International funding helped the town create its local disaster risk reduction office, which maintains a sophisticated, Filipino-made early warning system in eight high-risk barangays.
Designed and operated by Filipino scientist Reginald Juan Mercado, devices that detect multiple hazards such as flood, earthquake, landslide and tsunami, among others, are hooked to barangay stations that could readily issue warnings through loudspeakers whenever necessary.
While monitored by a nerve-center based at the town hall, this decentralized system makes for faster dispatch of information, Rentuza said. “They don’t have to wait for me to issue the warning,” he said.
The town has also designated evacuation sites in every sector. This way, residents already know where to run when the emergency comes.
Incidentally, one such site is the uphill resettlement site for survivors of the Guinsaugon landslide. Permanently relocated after the 2006 landslide, some 286 families (1,023 people) now reside in the new village, living in colorful concrete homes built by the Red Cross, Gawad Kalinga and the Japan International Cooperation Agency.
“I am proud to say that from tragedy, we are now host to evacuees from Barangay Tambis Uno,” said New Guinsaugon village chief Beauty Omela Cabacungan, referring to one of the town’s vulnerable barangays.

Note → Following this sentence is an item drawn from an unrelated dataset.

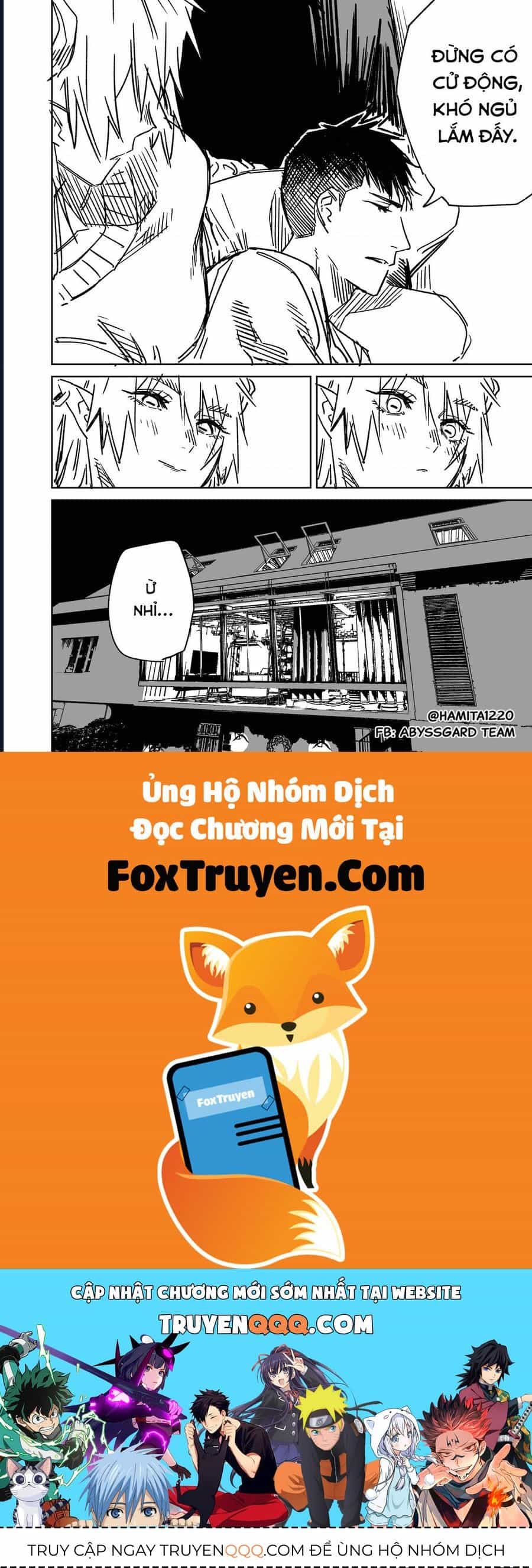Chuyện Tình Một Đêm Của Yukizuriman - Chương 52 - ảnh 4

“Our secret to still surviving is our faith in God and the prayer that whatever problem happens, we offer it to God, for we all know that God will provide,” said Cabacungan in welcoming Ledoux and other visiting officials to her village on Friday.
The town also has a mangrove propagation program in three barangays to mitigate the impact of annual flooding. Manned by volunteers, the program aims to plant some 7.2 hectares of coastal land with mangroves like bakawan and piyapi to create a natural barrier from storm surges and flooding.
Five years since implementing the program, volunteers notice that prawns and small crabs have started to inhabit the mangrove area.
Ruperto Rafols, a barangay chief and volunteer at the mangrove nursery, said the presence of mangroves has helped ease flooding levels in coastal barangays and also curbed soil erosion. Mangroves have also encouraged prawns and crabs to inhabit the area.
All such initiatives are “replicable” for other vulnerable towns to also implement, noted Ledoux, citing how St. Bernard has maximized its P3-million annual allocation—5 percent of the town’s total budget—for disaster risk reduction efforts.
“The St. Bernard experience is a good example of how local communities with the support of civil society organizations and collaboration with local government authorities can spearhead collective action along disaster risk reduction,” Ledoux said.
Much needs to be done, conceded Rentuza, as he gave assurance that the local government will not waver in disaster risk reduction efforts.
“There is still much to be done. And it requires commitment, focus, time … We have a long way to go. This should be a lifelong process and practice,” Rentuza said.
The European Union has been a steady humanitarian partner of the Philippines as part of its global effort to provide financial and technical aid to disaster-prone countries. Between this year and 2013, the EU has allocated P130 million for disaster-preparedness initiatives across the Philippines.